TITLE: Humanitarian Problems of Eritrean Refugees in Sudan


SUBMITTED BY: ERAS (Eritrean Refugees Association in Sudan)

DATE: 7 May 2006



Appeal Grounds


Ever since 1967, Eritreans have been seeking asylum in Sudan and other countries in various influxes. Sudan, owing to its geographical closeness and its sympathy to Eritreans, shelters the biggest share of Eritrean refugees around the world. The responses of international community to those influxes have been fluctuating based primarily on the instant state of refugees thus meeting only the basic human survival needs though it sometimes comes so late when the impact is shocking. It is still recalled how refugees survived famine, diseases, conflicts of previous years largely without the attention of the international communities.

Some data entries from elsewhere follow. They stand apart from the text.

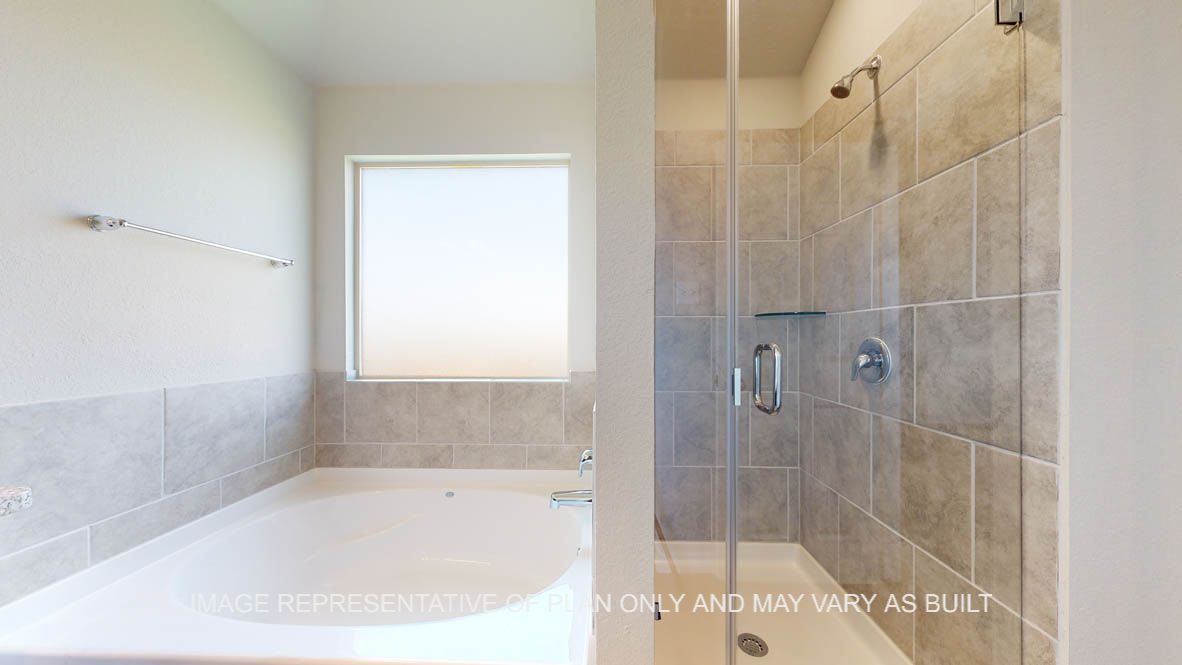 Elmwood primary bathroom with clear shower glass enclosure and garden tub.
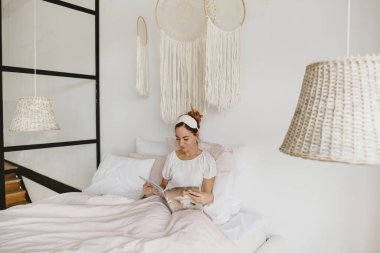 Kadın yatakta uzanıyor ve dergi okuyor..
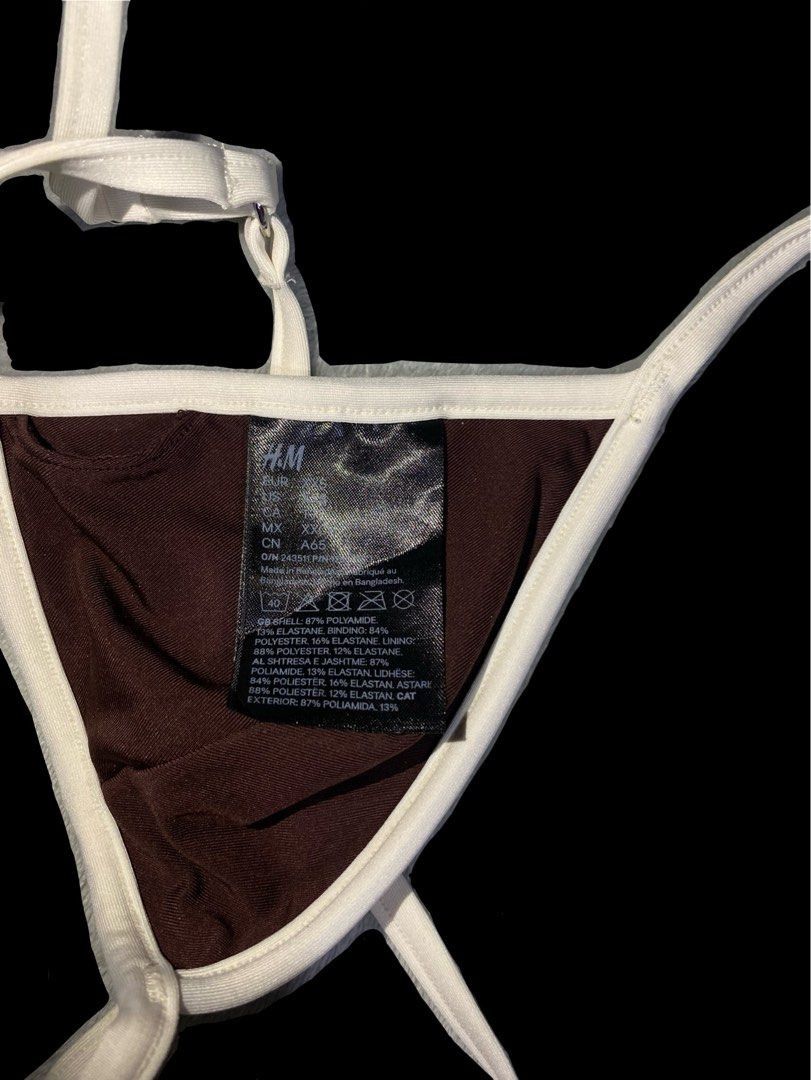 H&M Brown Bikini Top with White Trim (Category: Bikinis & Swimsuits) located in Cavite. Submitted by zyrahramos (Listing ID 1464061482, Image 3). Description: 💋Brand: H&M 💋Color: Brown 💋Style: Bikini Top 💋Size: XXS 💋Details: White trim, ties at neck and back for adjustable fit 💋Occasion: Ideal for beach or pool days 💋Condition: Worn once | like new..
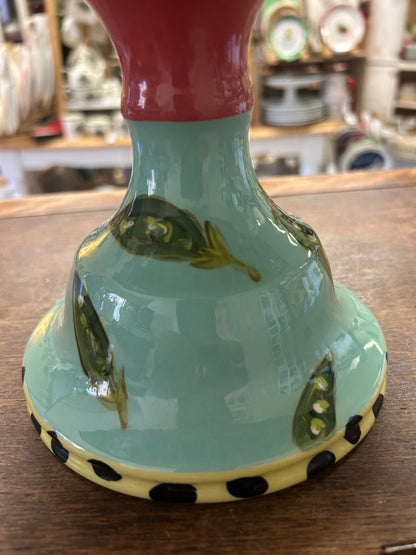 Green ceramic pedestal base for vegetable bowl with black-dotted trim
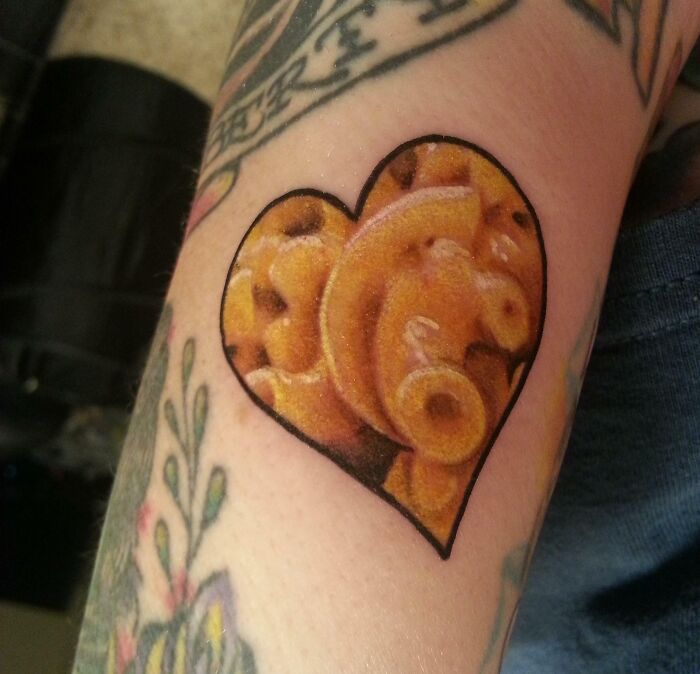 Heart-shaped food tattoo featuring macaroni and cheese design on an arm.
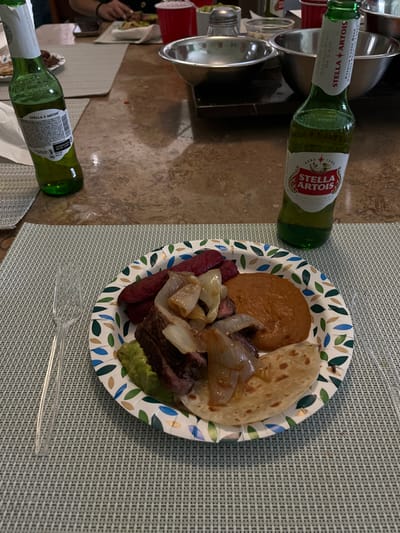 This image captures an indoor dining scene, situated within a private residence or casual restaurant in Monterrey, Mexico. In the foreground, a white paper plate, adorned with a green and blue leaf pattern, holds a prepared meal. This meal consists of slices of cooked meat topped with sautéed white onions, a serving of refried beans, several pieces of red sausage, a portion of guacamole, and one folded flour tortilla. To the left of the plate, on a light green woven placemat, a clear plastic fork is positioned. A green glass bottle of Stella Artois beer, approximately two-thirds full, stands above the plate. Another similar green beer bottle is partially visible to the upper left. The table surface is a light brown, mottled material, possibly granite or marble. In the midground, other dining items are present, including red plastic cups, silver metal bowls, a silver salt shaker, and white dishes. In the background, a person's arm and hands are visible, engaged in an activity at the table.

This brief appeal comes in conjunction with the growing concerns and attentions of various agencies, the worsening situation of Eritrean Refugees in Sudan as well as the last mission objectives of UNHCR-Geneva team. It is a complement to all previous appeal letters submitted to UNHCR-Sudan and is meant to materialize their contents and encourage international attention for a strategic action against prolonged refuge of Eritreans in Sudan.



Appeal Statement


Without going into the details of major causes of refuge, as they are evident all over, the appeal requests attention on post asylum situation of refugees. It is important at this point to correct the general conception upon which UNHCR and other humanitarian party’s respond to the existing situation of Eritrean refugees in Sudan. “Financial Migrants or Migrant refugees“. This notion severely damaged the true image of causes for refuge thus misleading the greater international sympathizers. It is ERAS deepest gratitude to understand that the idea was motivated by few personnel within UNHCR Sudan for unknown reasons.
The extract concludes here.